# [DATA BLOCK]
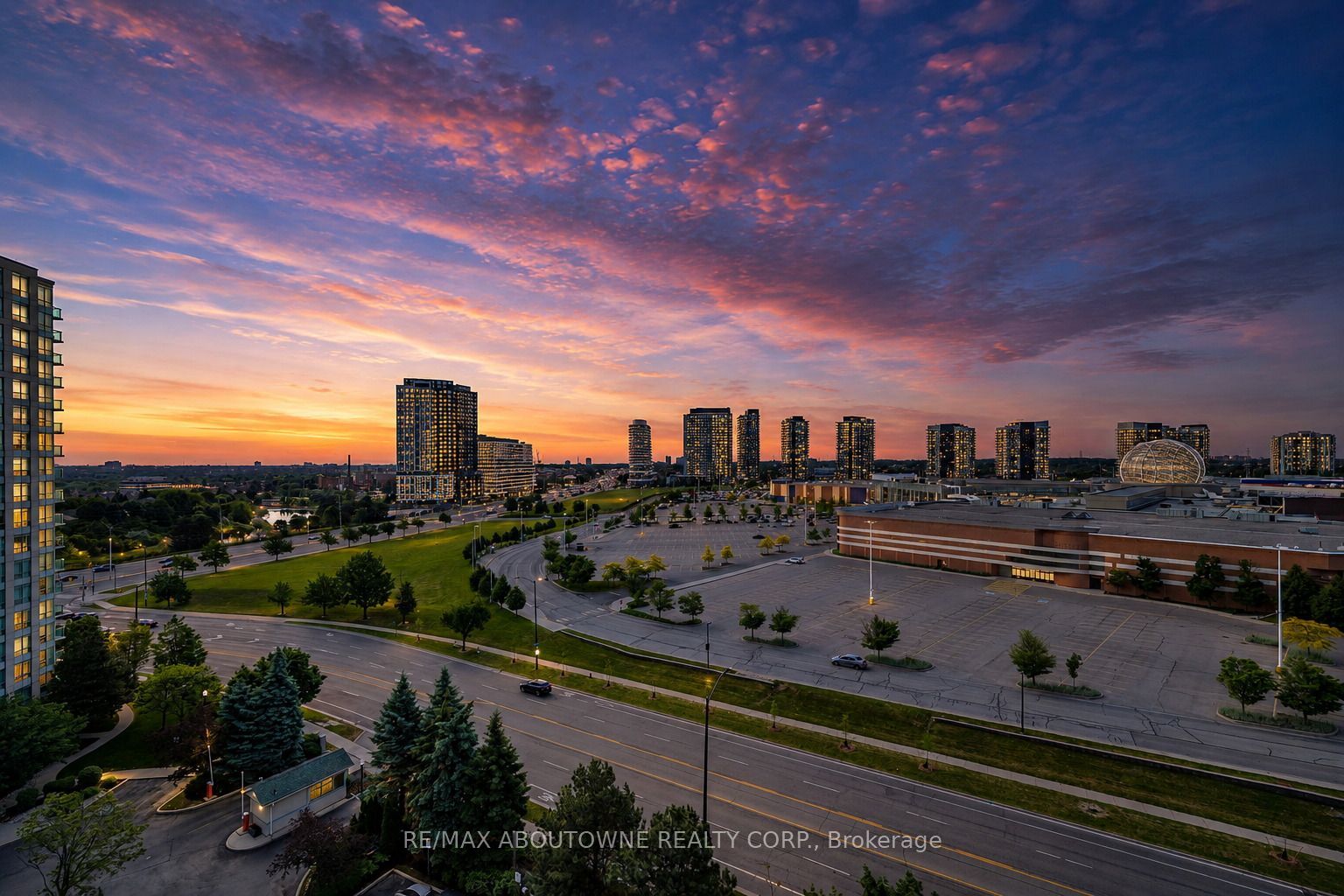 2 – 2585 Erin Centre Boulevard, Mississauga ‣ W13821150 2 – 2585 Erin Centre Boulevard, Mississauga ‣ W13821150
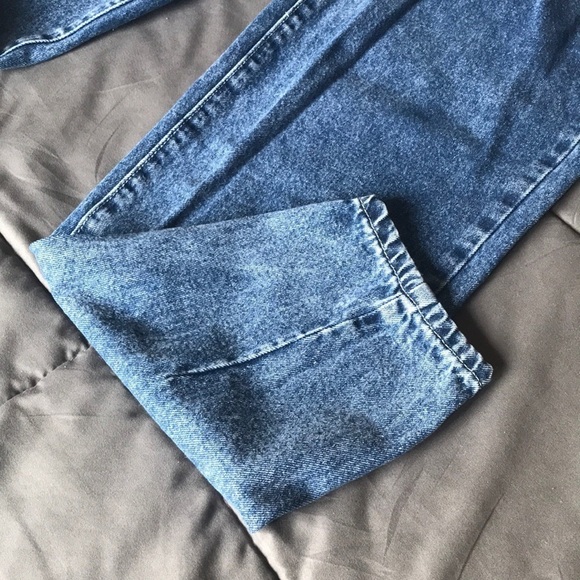 Free Gift With Purchase-High Waist Jeans - Picture 3 of 7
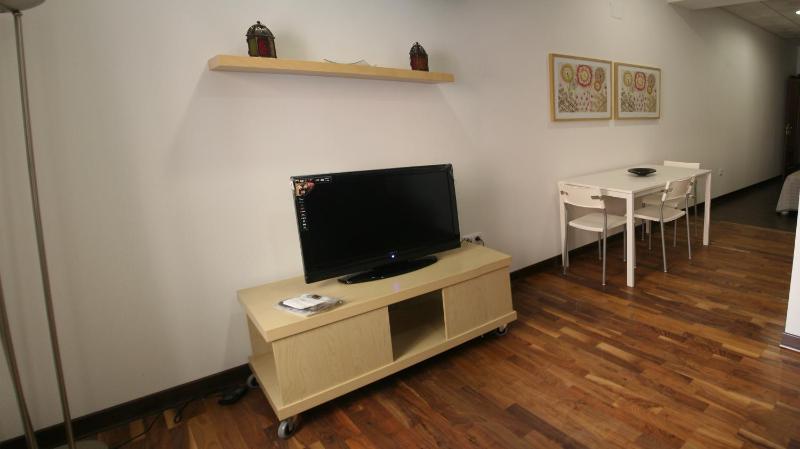 Deluxe Family Room image 3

# [YOUR TASK]
Repeat the material verbatim. Do not carry over any picture.

# [WRITTEN RESPONSE]
 2 – 2585 Erin Centre Boulevard, Mississauga ‣ W13821150 2 – 2585 Erin Centre Boulevard, Mississauga ‣ W13821150
 Free Gift With Purchase-High Waist Jeans - Picture 3 of 7
 Deluxe Family Room image 3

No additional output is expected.